Walker’s cause of death is not yet known. The sheriff’s office is investigating.

The Walker family did not wish to be contacted by the media, but his daughters offered written memories of their father via Frederick County Sheriff’s Office spokesman Todd Wivell.

Walker grew up in Brunswick, graduating from Brunswick High School in 1959. He was married for more than 42 years to Virginia Hartman Walker, who died 10 years ago. White wrote her father “thought the world of her.” In addition to Walker’s two children, he had five grandchildren and four great-grandchildren, who he enjoyed watching play sports.

That love for sports dates back to his younger days, according to Kidwell, when he played men’s softball. White added he was once an avid golfer, too, and walked all 18 holes carrying bags. He coached his wife’s softball team and his grandsons’ teams in the Brunswick Little League. On a national level, you’d find him cheering on the Baltimore Ravens, the Colts back in the day, Orioles and the Maryland Terrapins.

Shortly before he died, Walker spent the weekend with his sister and family watching football, White wrote.

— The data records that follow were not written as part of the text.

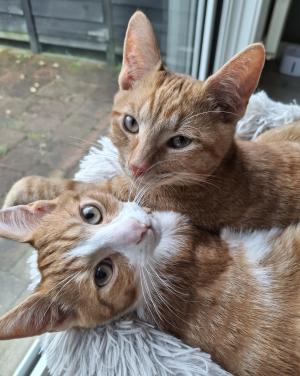 Bo(voorheen Harold) en Milo(voorheen Hector)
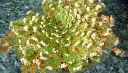 Rose-de-Jericho-epanouissement.webp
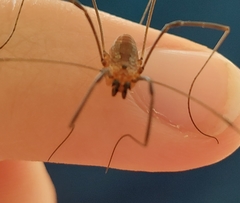 Leiobunum calcar
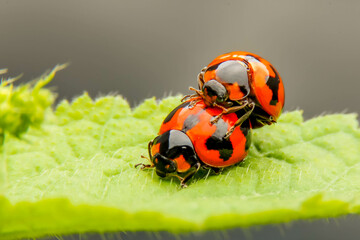 ladybug on leaf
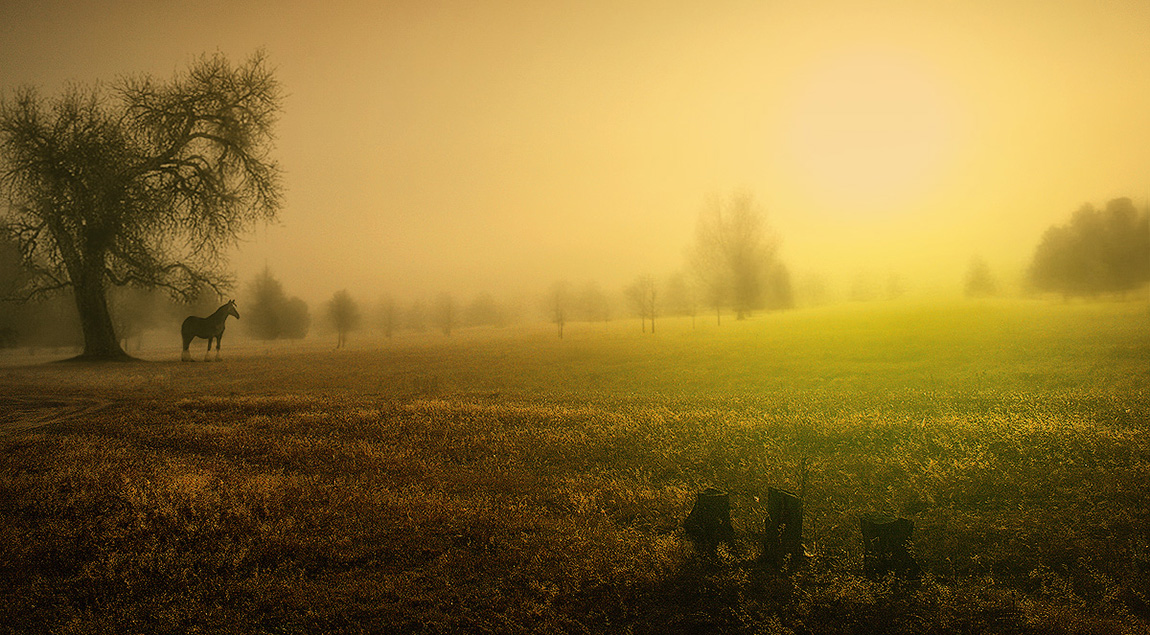 ABSCHIED auf eine einsame Pferd mit der Last Dawn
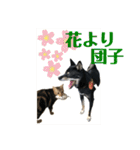 黒柴犬と猫の季節の挨拶（個別スタンプ：15）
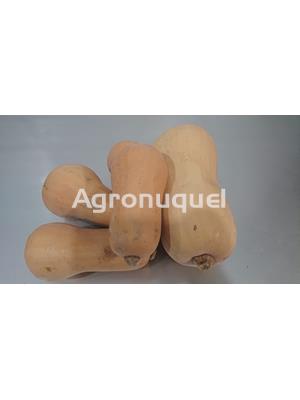 CALABAZA VIOLIN ECOLÓGICA - Imagen 1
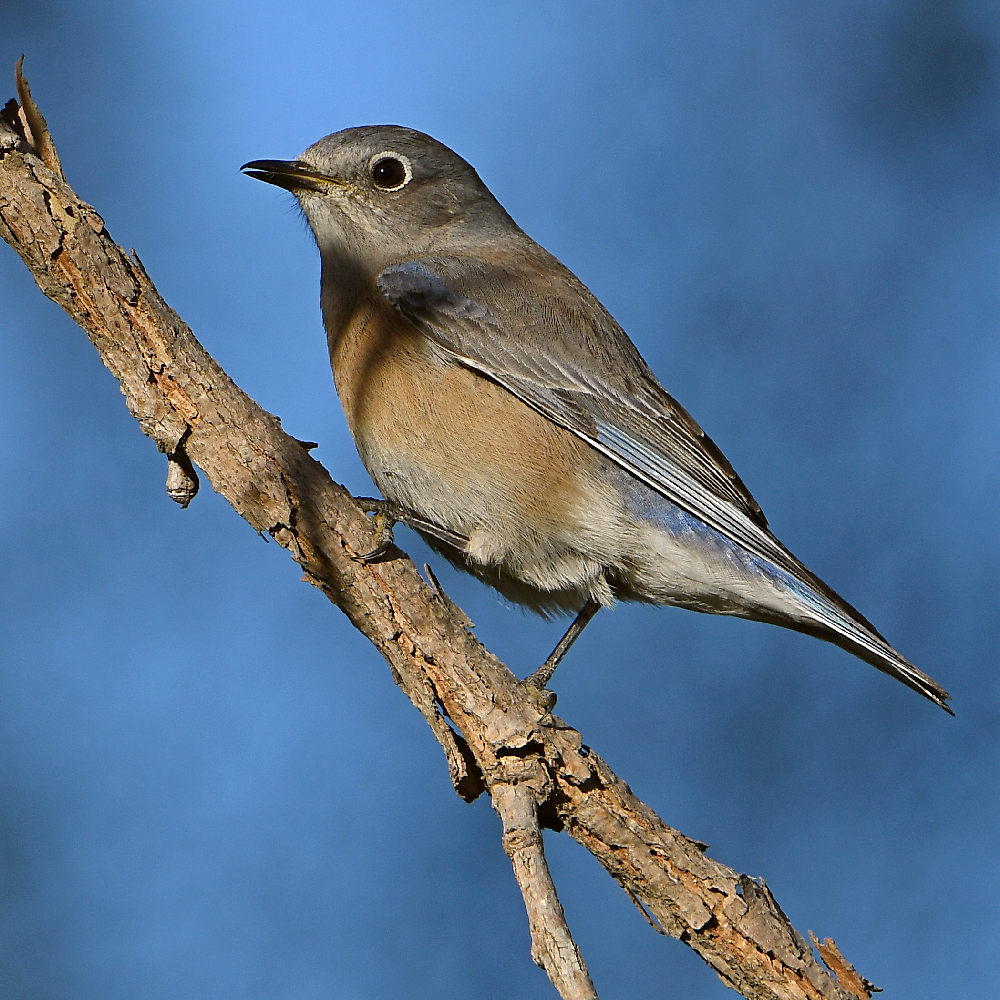 Bluebird3.jpg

Though White said her father had a sweet tooth for Nutty Buddy bars and Little Debbie Oatmeal Creme Pies, he made a point to exercise daily at home. He’d take walks twice a day with his caretaker, Kidwell added, sometimes more, and visited with family in the evenings.

Walker spent 30 years working for Safeway, Kidwell said, and retired as a meat cutter and night stocker.

Outside of work, he was a longtime member of St. Francis and St. Mary’s Catholic churches in Brunswick and Knoxville.

Earlier in life, Walker served four years in the U.S. Air Force at Sheppard Air Force Base in Texas, according to Kidwell, and maintained a love for the military throughout his life, making donations to groups supporting veterans with disabilities. He was a past member of the Fraternal Order of Eagles, American Legion and Moose Lodge in Brunswick, White said.

“He was very proud,” Kidwell wrote, “and had a huge love for the military.”